*Exercise details*.
Exclude the pictures, then repeat the remaining data exactly.

*Records provided*.
• • • • •

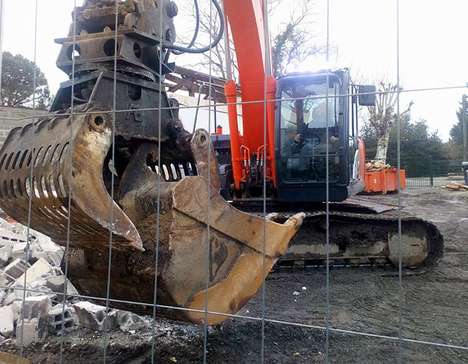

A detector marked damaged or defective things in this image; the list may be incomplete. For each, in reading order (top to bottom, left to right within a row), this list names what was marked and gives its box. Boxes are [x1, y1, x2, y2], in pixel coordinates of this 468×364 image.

broken concrete block [1, 258, 28, 284]
broken concrete block [15, 256, 53, 288]
broken concrete block [44, 274, 78, 298]
broken concrete block [15, 318, 47, 346]
broken concrete block [47, 304, 74, 336]
broken concrete block [73, 300, 118, 332]
broken concrete block [116, 310, 149, 332]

• • • • •

*Output for this task*.
A detector marked damaged or defective things in this image; the list may be incomplete. For each, in reading order (top to bottom, left to right within a row), this list names what was marked and gives its box. Boxes are [x1, y1, x2, y2], in pixel coordinates of this 468×364 image.

broken concrete block [1, 258, 28, 284]
broken concrete block [15, 256, 53, 288]
broken concrete block [44, 274, 78, 298]
broken concrete block [15, 318, 47, 346]
broken concrete block [47, 304, 74, 336]
broken concrete block [73, 300, 118, 332]
broken concrete block [116, 310, 149, 332]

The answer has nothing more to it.